Compare the mean collaboration proxy for winners:

\[ H_0:\ \mu_{\text{new}} - \mu_{\text{old}} = 0 \quad \text{vs} \quad H_A:\ \mu_{\text{new}} - \mu_{\text{old}} \ne 0 \]

A 95% confidence interval for the difference has the form:

\[ \widehat{\Delta} \pm t_{0.975,\nu}\, SE(\widehat{\Delta}) \]

Example of era comparison output (t-test)

estimate estimate1 estimate2 statistic p.value parameter conf.low conf.high method alternative
-0.5154 1.6 2.1154 -1.7738 0.1004 12.5274 -1.1455 0.1147 Welch Two Sample t-test two.sided

Interpretation:

  • small p-value suggests evidence the era means differ

  • a CI that does not include 0 suggests a difference at the 5% level

R code

winners <- grammy %>% dplyr::filter(is_winner)

# Fit regression model
lm_fit <- lm(n_artists ~ year, data = winners)
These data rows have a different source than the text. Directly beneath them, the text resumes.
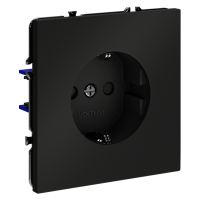 Розетка с заземлением с защитными шторками Voltum S70 пластик черный Soft touch 16А (VLS040208)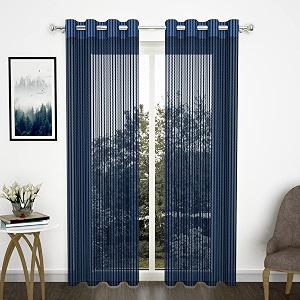 storyhome sheer curtain set of 4  7 feet long transparent zig zac design  polyester net curtains  perfect for living room decor 118 x 215 cm navy blue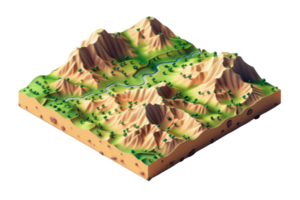 3D render of a topographic map model featuring mountains, valleys, and a river, showcasing terrain and geographical features. png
# Plot the trend with a fitted line
library(ggplot2)
ggplot(winners, aes(x = year, y = n_artists)) +
  geom_point(alpha = 0.7) +
  geom_smooth(method = "lm", se = TRUE) +
  labs(
    title = "Winners: credited artist count (proxy) over time",
    x = "Year",
    y = "Credited artists (proxy)"
  )

Plotly indicating year vs collaboration proxy vs popularity proxy

Summary

Takeaways:

  • Point estimates summarize typical values; CIs show uncertainty.

  • Regression slope estimates a trend and includes a p-value + CI.

  • A two-sample t-test compares eras and provides inference on the difference in means.